### Entries supplied:
╔══
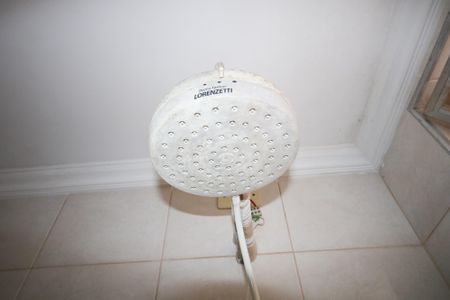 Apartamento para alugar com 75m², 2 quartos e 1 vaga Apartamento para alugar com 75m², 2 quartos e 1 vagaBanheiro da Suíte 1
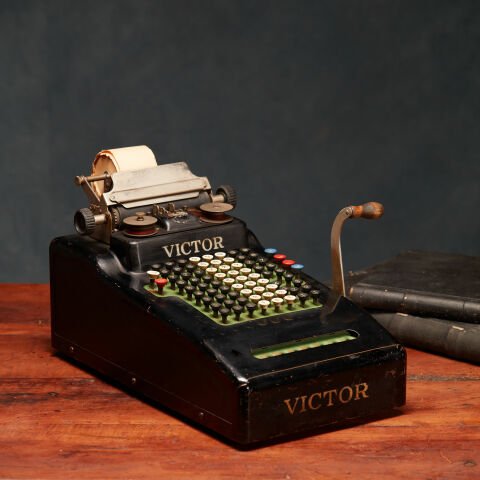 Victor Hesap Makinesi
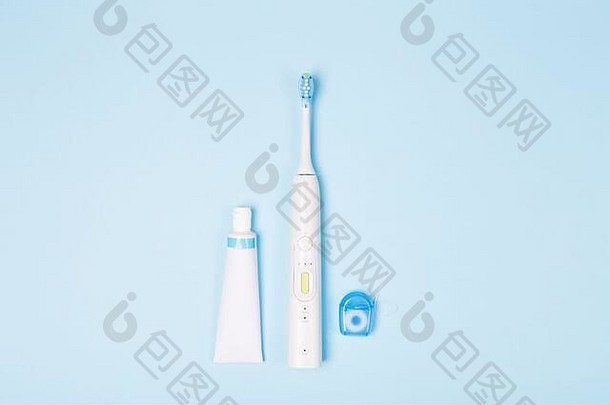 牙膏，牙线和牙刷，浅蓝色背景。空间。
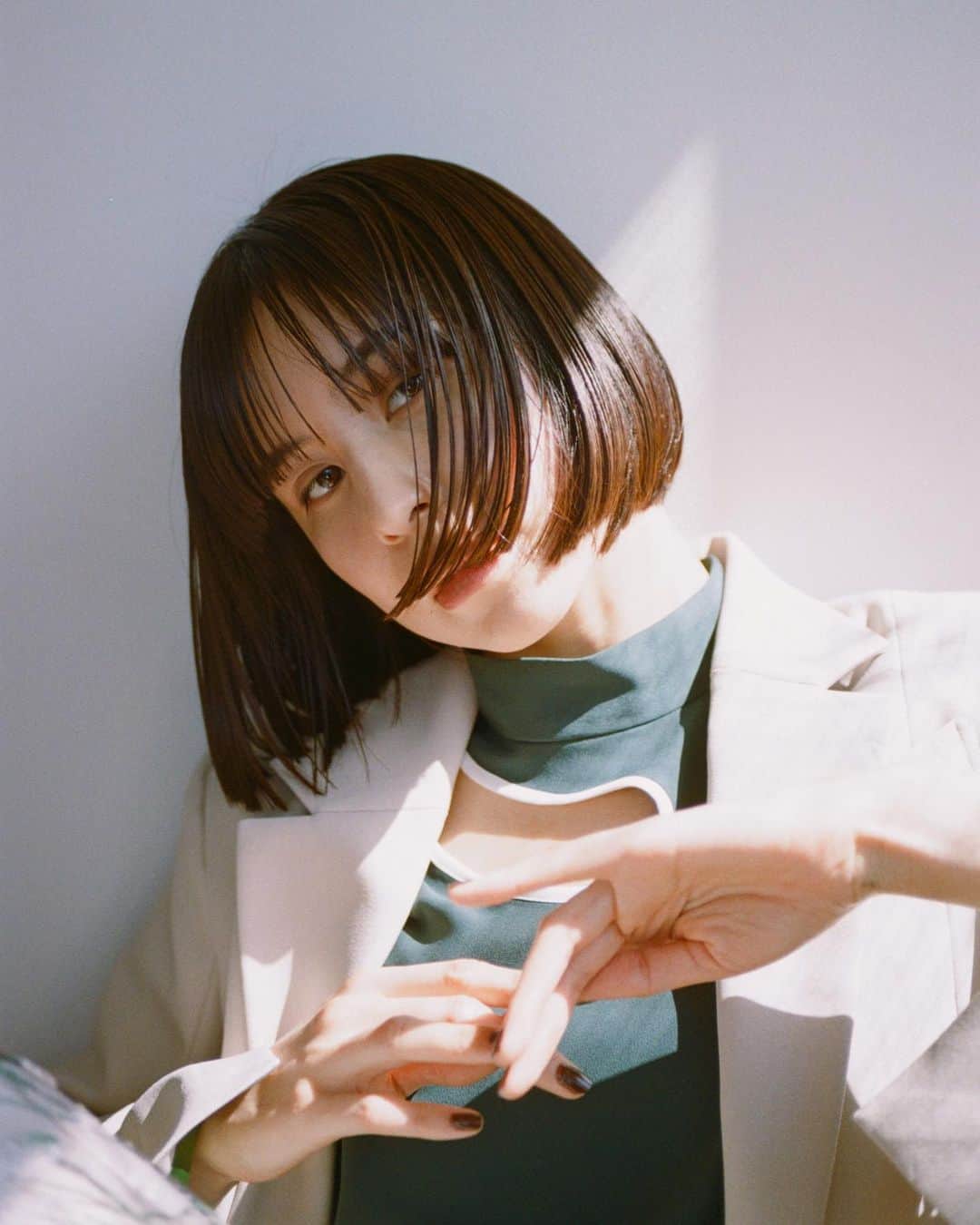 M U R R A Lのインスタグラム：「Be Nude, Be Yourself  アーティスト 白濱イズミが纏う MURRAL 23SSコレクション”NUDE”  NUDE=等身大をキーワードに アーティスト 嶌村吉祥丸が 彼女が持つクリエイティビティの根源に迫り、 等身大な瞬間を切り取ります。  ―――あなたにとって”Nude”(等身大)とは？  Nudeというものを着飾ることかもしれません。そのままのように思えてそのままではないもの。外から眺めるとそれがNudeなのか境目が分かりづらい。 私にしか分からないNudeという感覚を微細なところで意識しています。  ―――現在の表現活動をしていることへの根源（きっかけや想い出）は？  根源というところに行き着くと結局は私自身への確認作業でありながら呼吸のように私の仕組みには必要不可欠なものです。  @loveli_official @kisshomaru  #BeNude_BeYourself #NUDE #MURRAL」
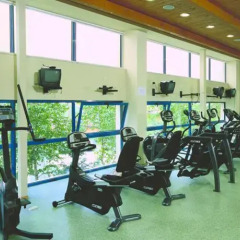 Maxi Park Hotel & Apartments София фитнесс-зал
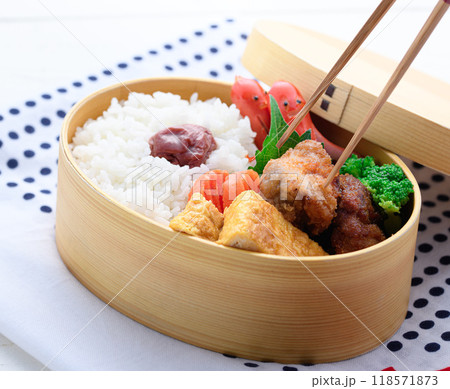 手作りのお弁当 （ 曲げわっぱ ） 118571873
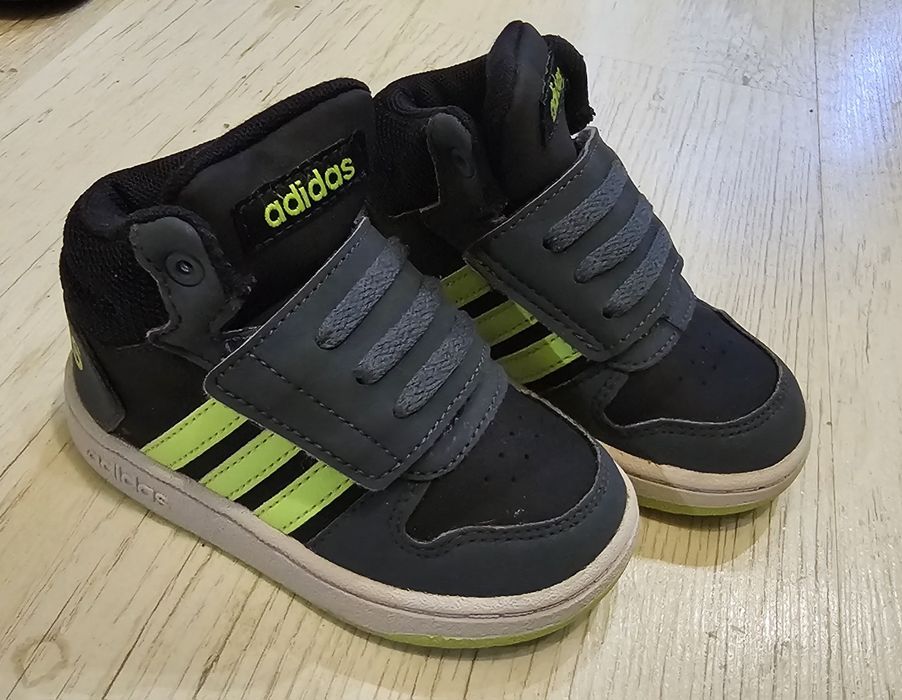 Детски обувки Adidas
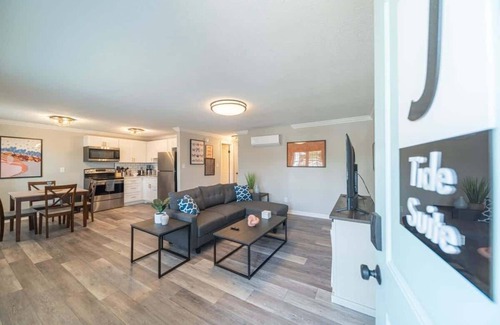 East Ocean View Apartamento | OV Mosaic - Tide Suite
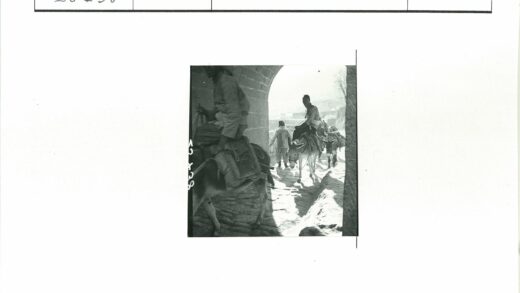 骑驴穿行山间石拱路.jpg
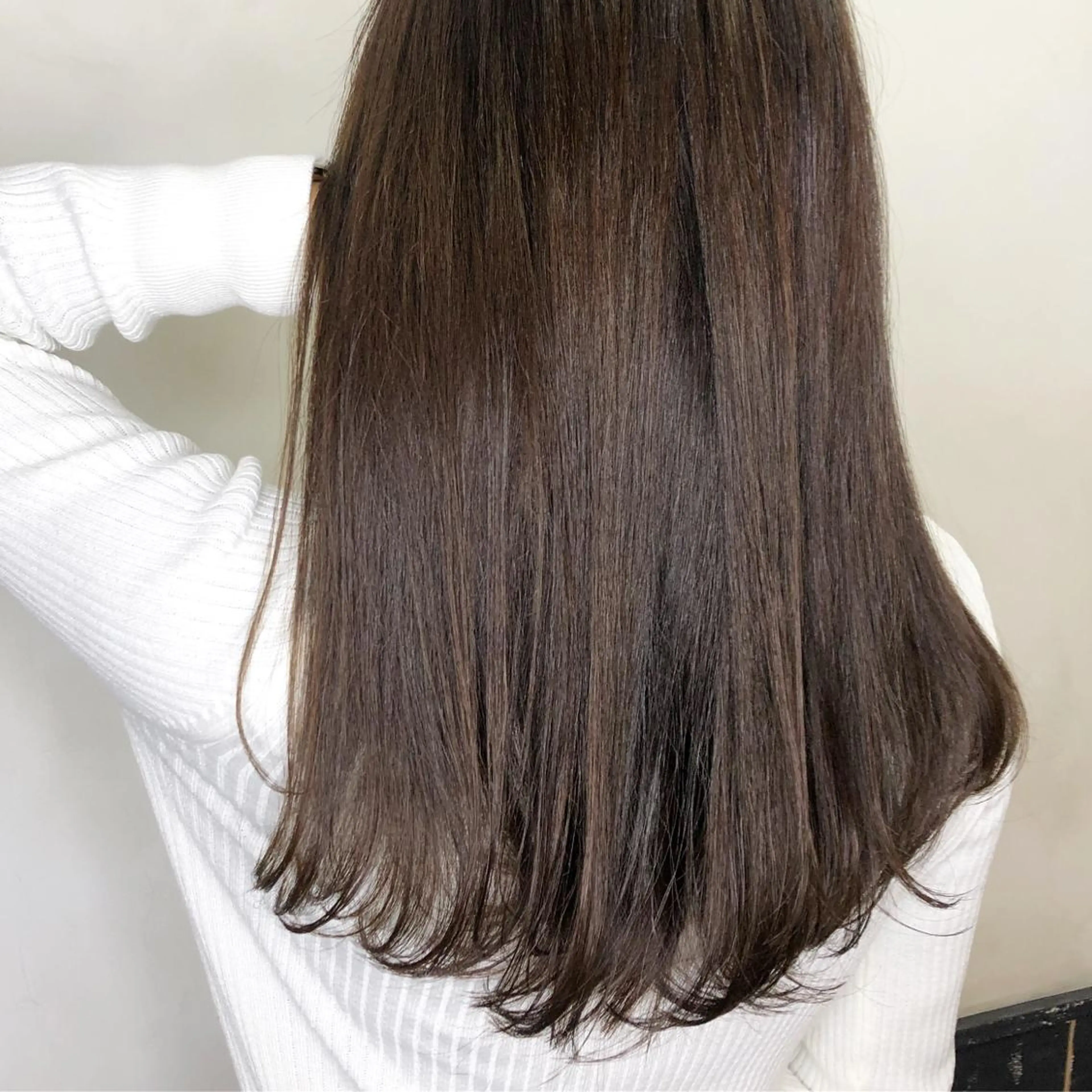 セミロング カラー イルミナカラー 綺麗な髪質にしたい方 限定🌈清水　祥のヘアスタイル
╚══
### Problem:
Aside from the pictures, copy all of the entries exactly.

### Answer section:
 Apartamento para alugar com 75m², 2 quartos e 1 vaga Apartamento para alugar com 75m², 2 quartos e 1 vagaBanheiro da Suíte 1
 Victor Hesap Makinesi
 牙膏，牙线和牙刷，浅蓝色背景。空间。
 M U R R A Lのインスタグラム：「Be Nude, Be Yourself  アーティスト 白濱イズミが纏う MURRAL 23SSコレクション”NUDE”  NUDE=等身大をキーワードに アーティスト 嶌村吉祥丸が 彼女が持つクリエイティビティの根源に迫り、 等身大な瞬間を切り取ります。  ―――あなたにとって”Nude”(等身大)とは？  Nudeというものを着飾ることかもしれません。そのままのように思えてそのままではないもの。外から眺めるとそれがNudeなのか境目が分かりづらい。 私にしか分からないNudeという感覚を微細なところで意識しています。  ―――現在の表現活動をしていることへの根源（きっかけや想い出）は？  根源というところに行き着くと結局は私自身への確認作業でありながら呼吸のように私の仕組みには必要不可欠なものです。  @loveli_official @kisshomaru  #BeNude_BeYourself #NUDE #MURRAL」
 Maxi Park Hotel & Apartments София фитнесс-зал
 手作りのお弁当 （ 曲げわっぱ ） 118571873
 Детски обувки Adidas
 East Ocean View Apartamento | OV Mosaic - Tide Suite
 骑驴穿行山间石拱路.jpg
 セミロング カラー イルミナカラー 綺麗な髪質にしたい方 限定🌈清水　祥のヘアスタイル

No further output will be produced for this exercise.